YOUR INSTRUCTIONS:
Could you please output all of the data exactly, without the images?

PROVIDED MATERIAL:
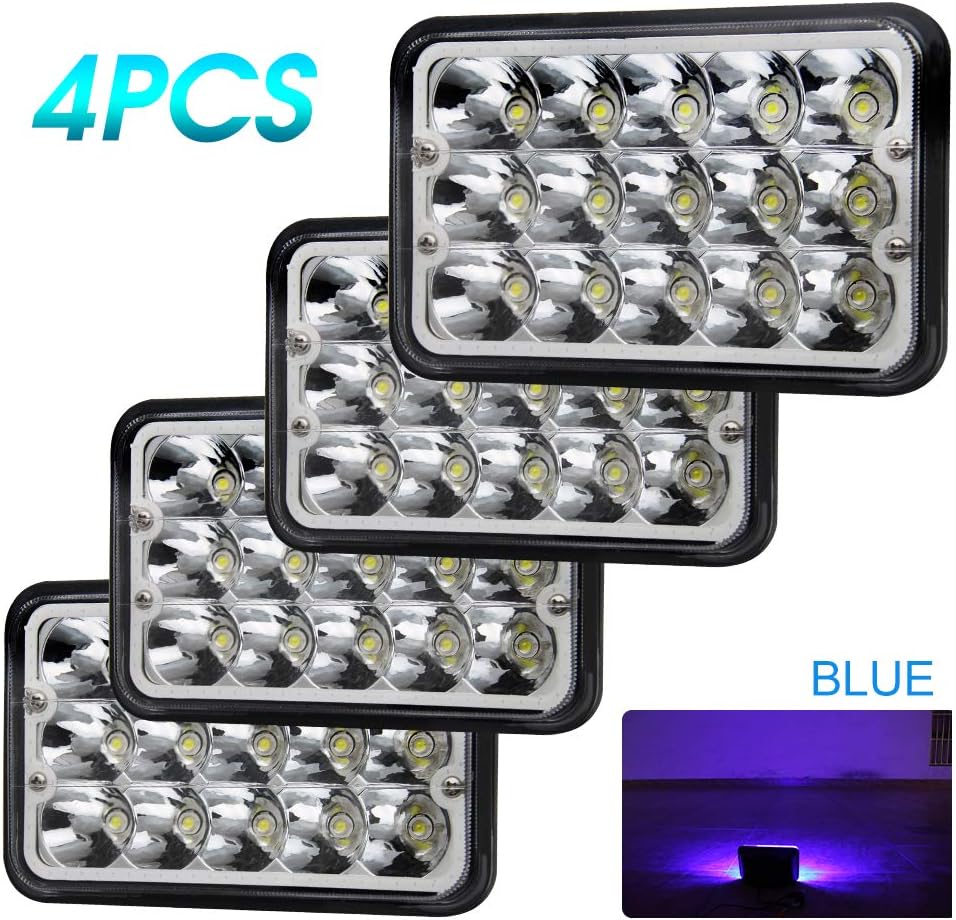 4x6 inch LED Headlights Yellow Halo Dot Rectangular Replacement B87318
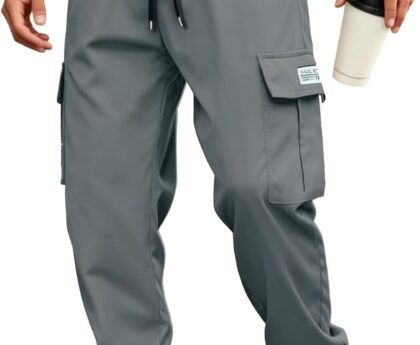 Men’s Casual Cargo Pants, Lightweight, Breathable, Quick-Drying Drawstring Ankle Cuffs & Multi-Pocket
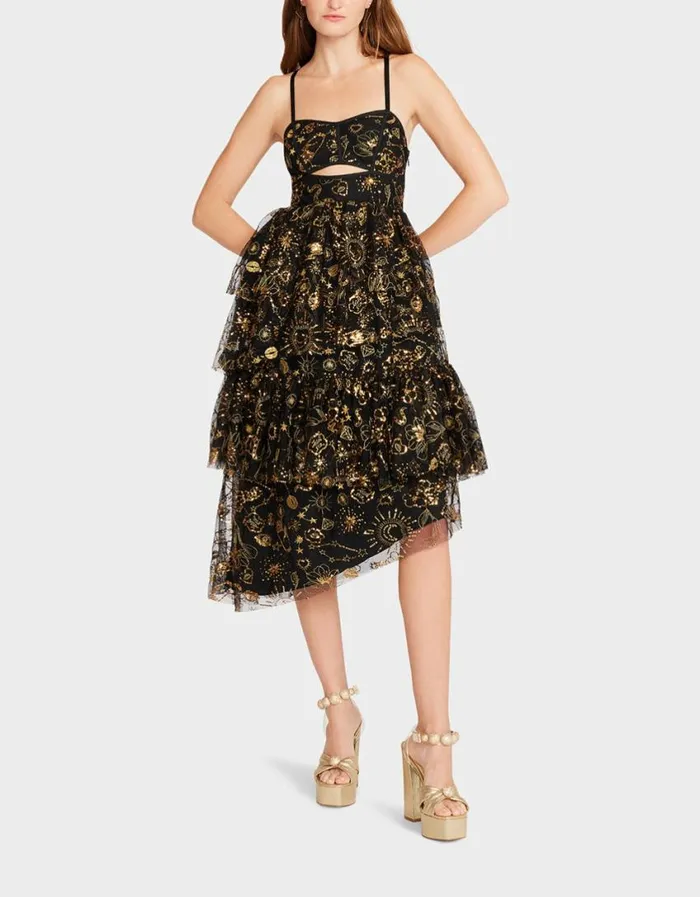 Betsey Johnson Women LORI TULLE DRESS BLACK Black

ANSWER TO THIS TASK:
 4x6 inch LED Headlights Yellow Halo Dot Rectangular Replacement B87318
 Men’s Casual Cargo Pants, Lightweight, Breathable, Quick-Drying Drawstring Ankle Cuffs & Multi-Pocket
 Betsey Johnson Women LORI TULLE DRESS BLACK Black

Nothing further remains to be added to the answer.